Pereira sentia-se um bom católico, na medida em que acreditava na ressurreição da alma, não tanto da do corpo, algo que o começou a preocupar seriamente depois de ler uma reflexão sobre a morte assinada por um tal de Monteiro Rossi.
Depois de uma investigação que o conduz até Rossi, este diz-lhe ter praticamente decalcado a tese dos escritos de Feuerbach, e que na verdade prefere a vida à morte – isto dito a alguém que tem por hábito falar com a mulher morta e que, sempre que sente o pecado a bater à porta, vai procurar a confissão. Ainda assim e sentindo-se em falta perante Rossi, contrata-o – do seu bolso – para escrever as biografias antecipadas de escritores famosos para o jornal católico Lisboa, onde trabalha.
Ao receber a primeira biografia, Pereira percebe estar diante de uma bomba-relógio, deixando um conselho que, aos poucos, vai servindo a ambos: “Não sei se você é um inconsciente ou um provocador. Mas garanto-lhe que o jornalismo que se faz hoje não tem lugar nem para uns, nem para os outros”.
Marta, a namorada de Rossi, é uma brasa e uma anarco-individualista, e será este casal que vive na obscuridade, escondendo-se de uma censura que se faz sentir em cada esquina, que fará com que Pereira volta aos poucos à vida, questionando-a, trocando as limonadas com açúcar pelo Porto seco.
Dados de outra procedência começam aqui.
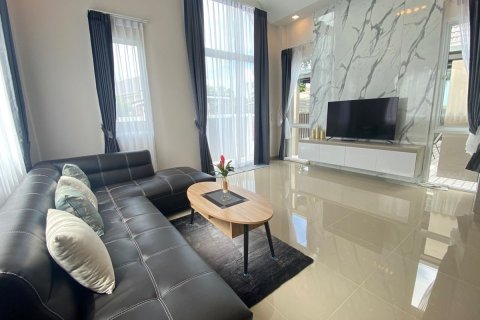 Haus in Pattaya, Thailand 3 Schlafzimmer № 222982 - Foto 2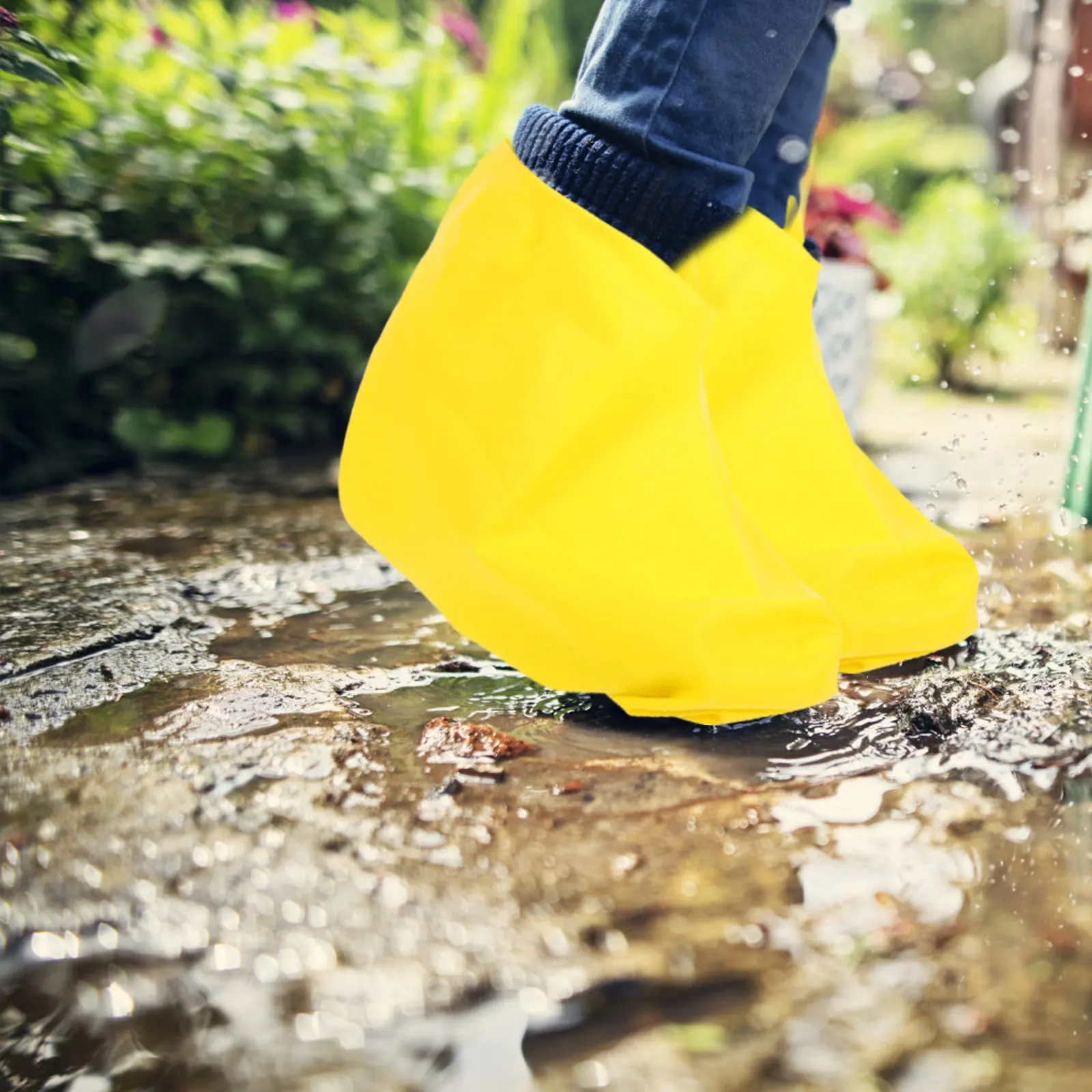 

2 пары износостойких латексных водонепроницаемых чехлов для обуви, легко надеваемые, нескользящие, многоразовые защитные накладки для обуви для занятий спортом на открытом воздухе, езды на велосипеде и в дождь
Uma vida na clandestinidade alheia e um posterior reencontro onde, a partir das alterações físicas, Pereira fará um retrato corporal do peso da provação e do murchar da liberdade: “Aquilo que o entristecia mesmo, era que as costas de Marta, que recordava suaves e arrendondadas, mostravam duas omoplatas ossudas, como duas asas de frango”.
Gomont capta toda a melancolia de uma cidade sitiada, mostrando-nos “aquele céu atlântico, cristalino” mas, também, os terraços, os estendais, as ruas apertadas, os largos movimentados, o tropicalismo do Príncipe Real, o Jardim Botânico ou o Cais do Sodré.
Romance existencial que exulta as convicções sobre o medo, o humanismo sobre o pavor do comprometimento, “Afirma Pereira” ganha aqui uma representação visual sublime, herdeira da tradição da BD francófona, numa edição servida em capa dura e em grande formato que oferece ainda um caderno de esboços e desenhos da viagem de documentação que Gomont fez a Lisboa no Verão de 2015. Uma das grandes edições de 2018 no que diz respeito à BD publicada em Portugal.